At its origins, we were promised the entry to The Golden Age of Computer Networks. Instead, what emerged under capitalism was the Internet becoming, rather quickly, a vastly profitable gold mine for a handful of corporations. Today, there are a few companies that have taken very profitable advantage of the original collective enthusiasm for a new creation of a computerized network system that started to emerge during the 1990s.
Today, the Internet and the World Wide Web (www) are the commanding signifiers of social and political – but even more so – for corporate information, control. In short, the much-trumpeted Internet Revolution announced by some intellectuals, a substantial entourage of business writers, all too many politicians, and even several counter-cultural movements, has turned into a domain for a few corporate players furnished with the power to centralize information based on their corporate power.
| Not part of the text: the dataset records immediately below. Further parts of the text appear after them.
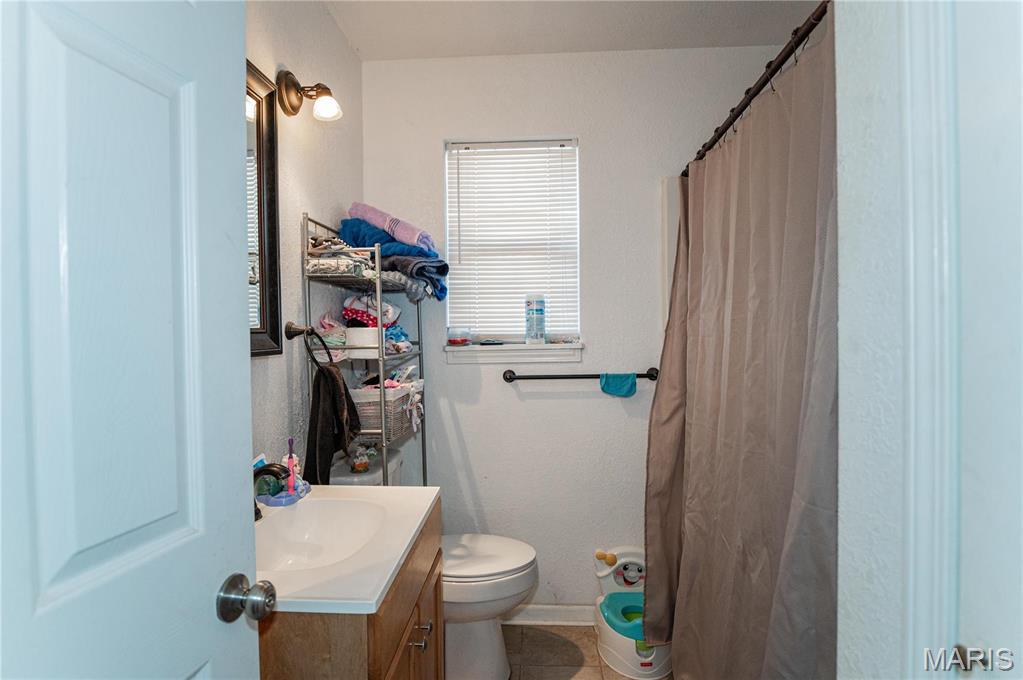 PARKVIEW 1ST ADDITION - Residential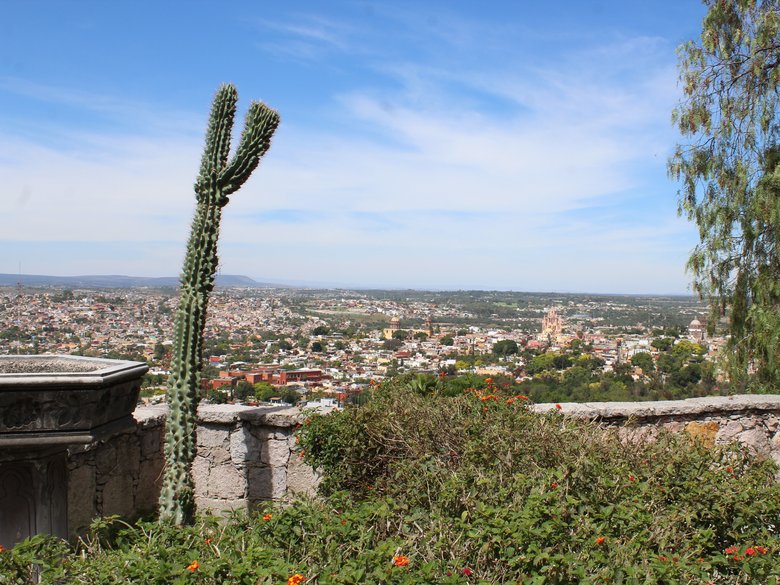 Casa del Águila — 56 photos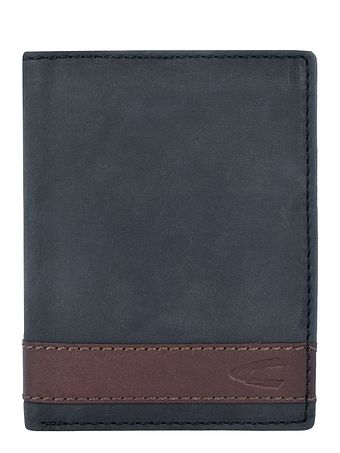 camel active Taipeh-pung RFID-læder 9 cm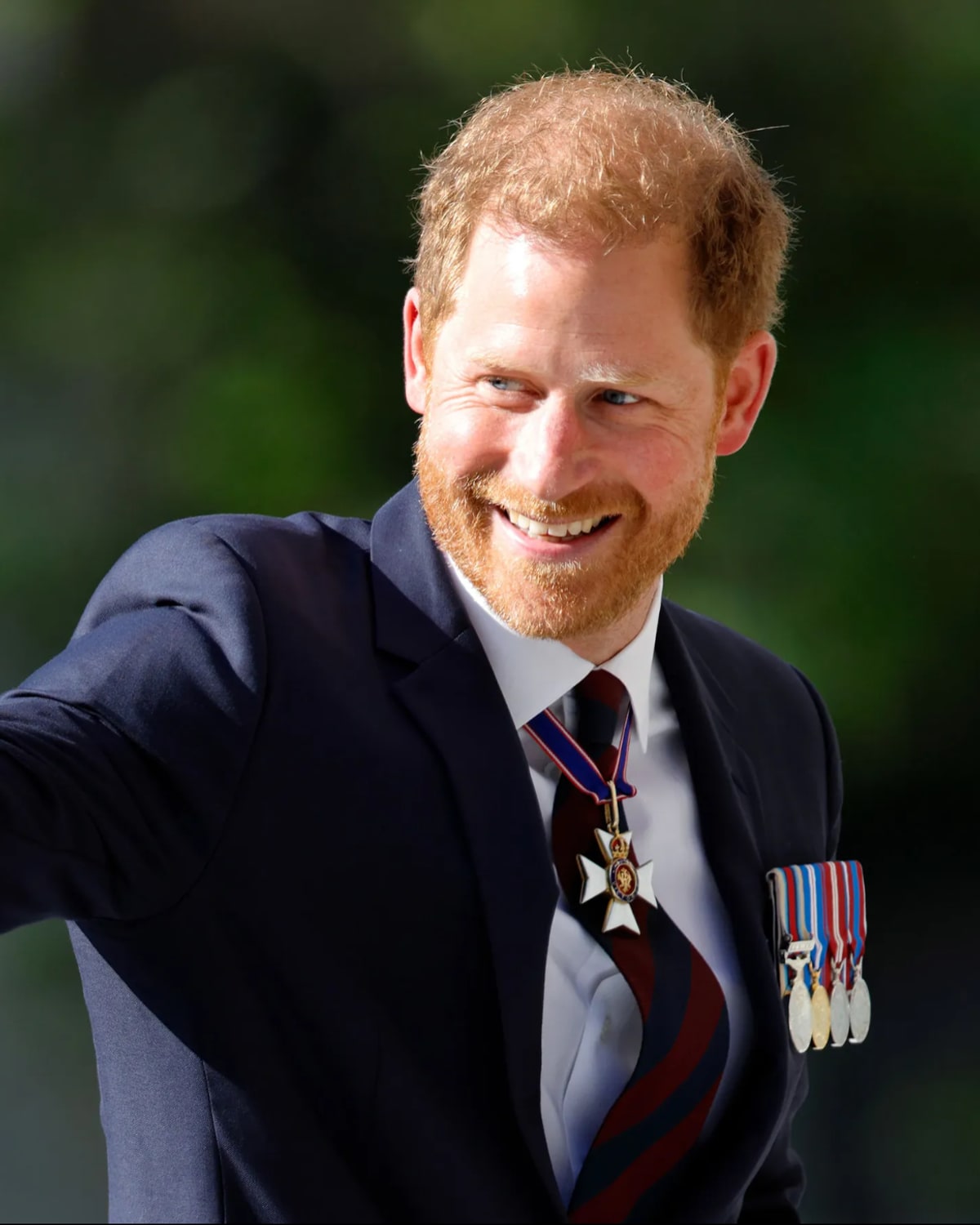 Prince Harry: A Modern Royal Breaking Traditions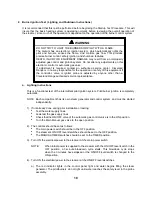 Preview for 21 page of Cleveland 24-CGA-10.2 Installation And Maintenance Instructions Manual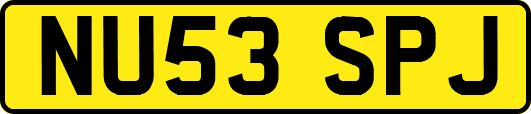 NU53SPJ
Virtually all of this started during the mid-1990s under the euphemism of a Digital Revolution – even though there was no revolution. There was no fundamental structural change, neither political nor economical. Instead, capitalism continued to thrive – now, with the Internet. Yet, it was a time during which computer networks started to move onto the global scene, also crossing the threshold from laboratories and universities into private homes.
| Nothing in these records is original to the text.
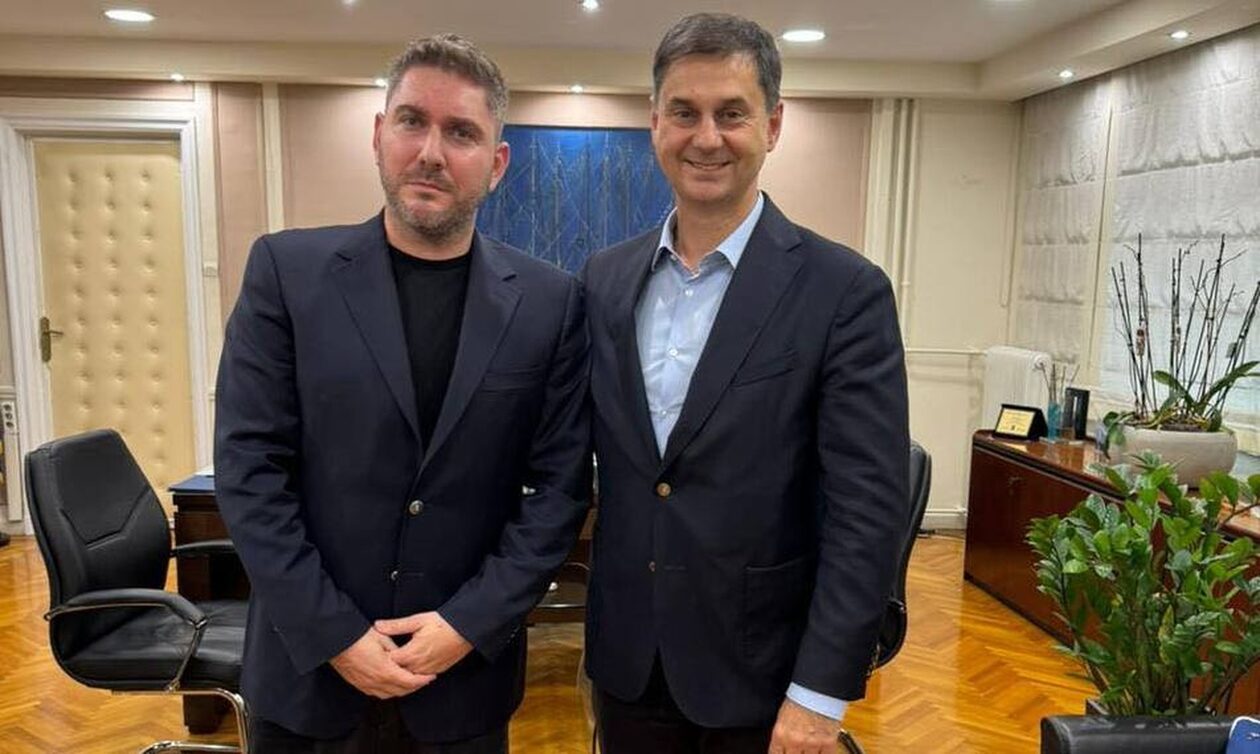 Στο επίκεντρο η φορολόγηση των ναυτικών στα ιδιωτικά σκάφη – Τι ζητούν από τον Χάρη Θεοχάρη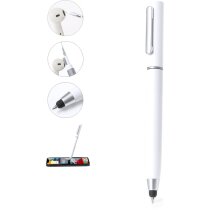 Gobit multifunción puntero táctil cepillo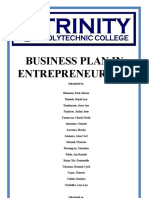 Group 2 Stem Einstein Business Plan File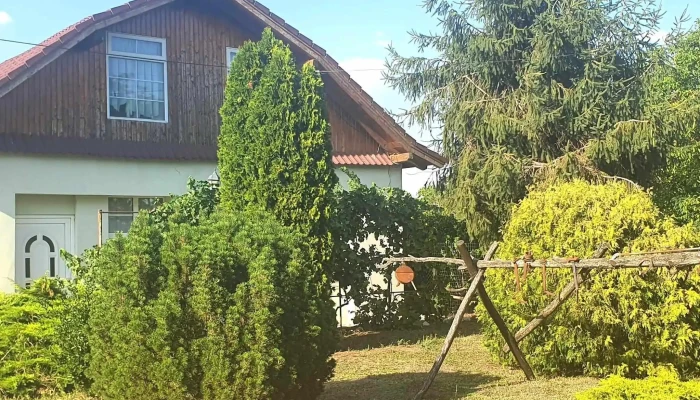 Strandul Termal Sofronea șofronea - Șofronea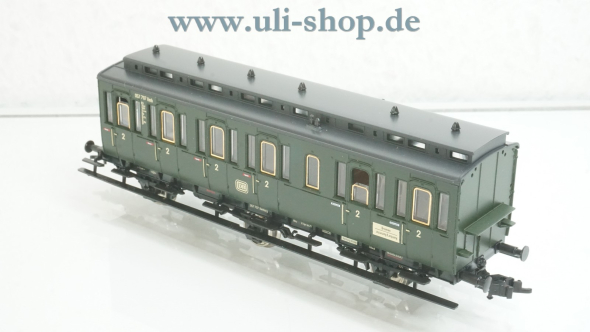 Roco H0 44514 Personenwagen Gleichstrom Bild 2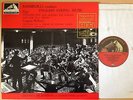 ASD 521 NIMBUS SUPERCUT / ENGLISH STRING MUSIC / ELGAR / WILLIAMS NMNM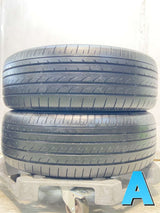 ヨコハマ ブルーアース RV-02 195/65R15  2本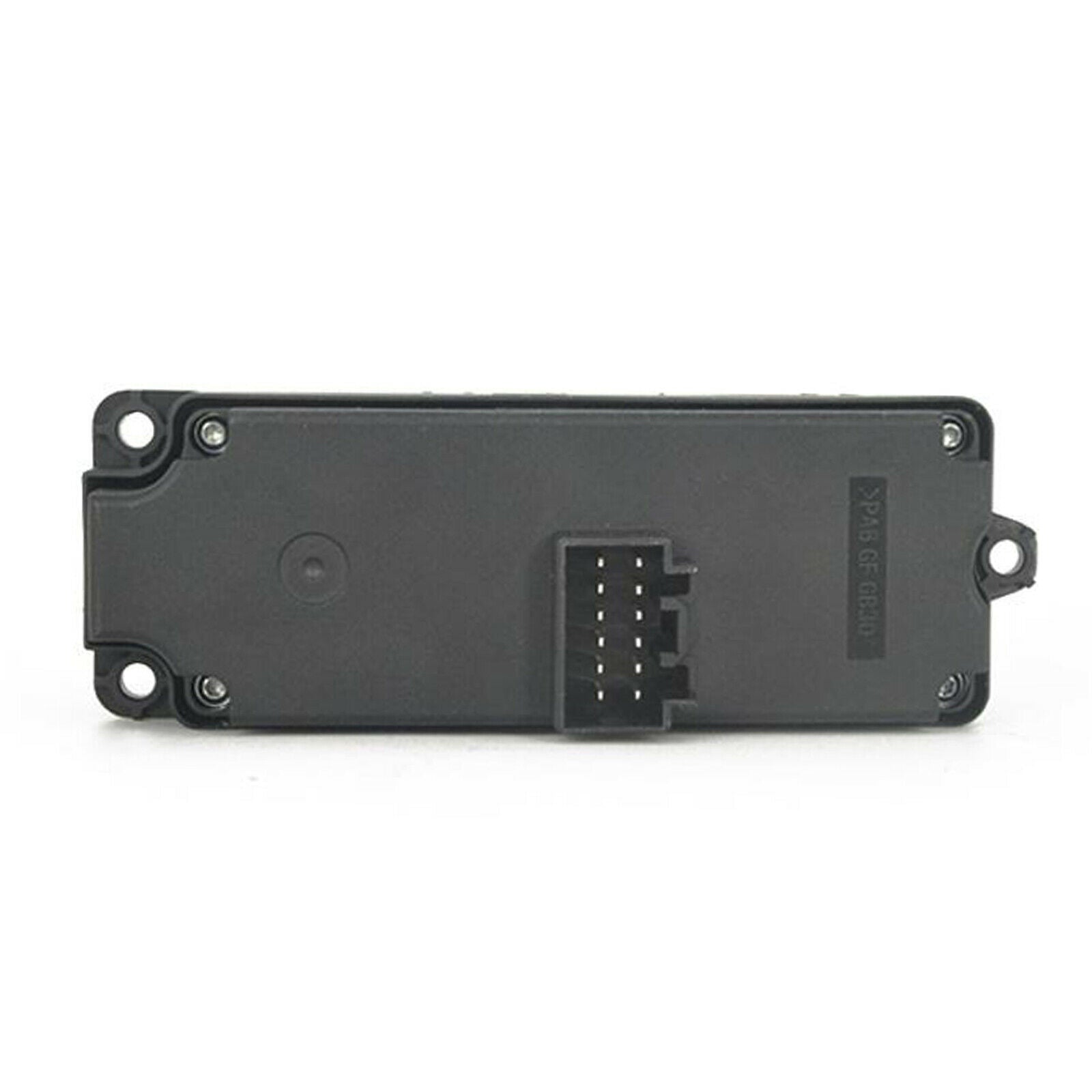Driver Side Master Window Master Switch Power Window Master Fits for Mazda 3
Until today, the Internet remains one of the most sweeping transformations of the way people communicate, work, learn, study, find one another, and, of course, do business – including B2B. At the dawn of the Internet, Daniel Bell’s post-industrial society was quickly re-christened into Information Society and Information Age. Of course, it came with the adjacent glorification of the so-called Internet’s founding fathers. Relatively soon, Sir Timothy John Berners-Lee has been framed as the inventor of the Web.
Yet, Berners-Lee’s contribution was merely one event in what is presented as a neat linear (1)-(2)-(3) development. It is presented as an unbroken continuum starting with early digital calculating machines or computers. They became the ARPANet of 1969 (1). This was followed by Vinton Gray Cerf and Robert Kahn’s TCP/IP (2) protocol ending with (3) Tim Berners-Lee’s World Wide Web developed in Geneva in 1990 at the European Organization for Nuclear Research (CERN).
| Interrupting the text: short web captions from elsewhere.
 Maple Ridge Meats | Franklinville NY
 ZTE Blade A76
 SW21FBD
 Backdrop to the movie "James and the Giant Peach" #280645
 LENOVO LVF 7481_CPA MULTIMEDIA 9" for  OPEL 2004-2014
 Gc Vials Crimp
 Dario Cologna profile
Yet, the invention of the Internet has always been flanked by three key ideologies. Like virtually all other ideologies, these three ideologies also serve three functions: to disguise inherent contradictions of capitalism; support the domination of a handful of corporate players; and, prevent the emancipation of people from the domineering, anti-democratic, and pathological structures of capitalism. Unsurprisingly, the rise of the Internet was accompanied by three ideologies. Yet, these ideologies also catered for three sets of people:
The library ideology: The first Internet ideology is that of a digital library (e.g. Wikipedia). It sells the Internet by claiming that the Internet offers endless possibilities of collecting and organizing human knowledge ordered methodically into inter-linked network directories. This ideology caters to those believing in progress of human knowledge without the inference of capitalism, corporations, and profits.
The military ideology: The second ideology appeals to conservatives and militarists favoring a strong state. It tells the tale of the Internet as an invention of the military to provide an alternative communication network for defensive purposes – in the case of a nuclear war. This is the ARPANet project that swings into action after a nuclear strike on the USA, so that DOD-cyborgs can continue to fight.
The democratic ideology: The third ideology caters to progressives, democrats, and liberals. It is a kind of communitarian ideology selling the Internet as a socio-cultural invention. It presents the Internet as being capable of re-appropriating computer networks through democratic bottom-up structures. This ideology focuses on democracy’s we are all equal It sees the Internet as an institution of a democratic Internet. This is furnished with the capability to shape the Internet, e.g. Linux.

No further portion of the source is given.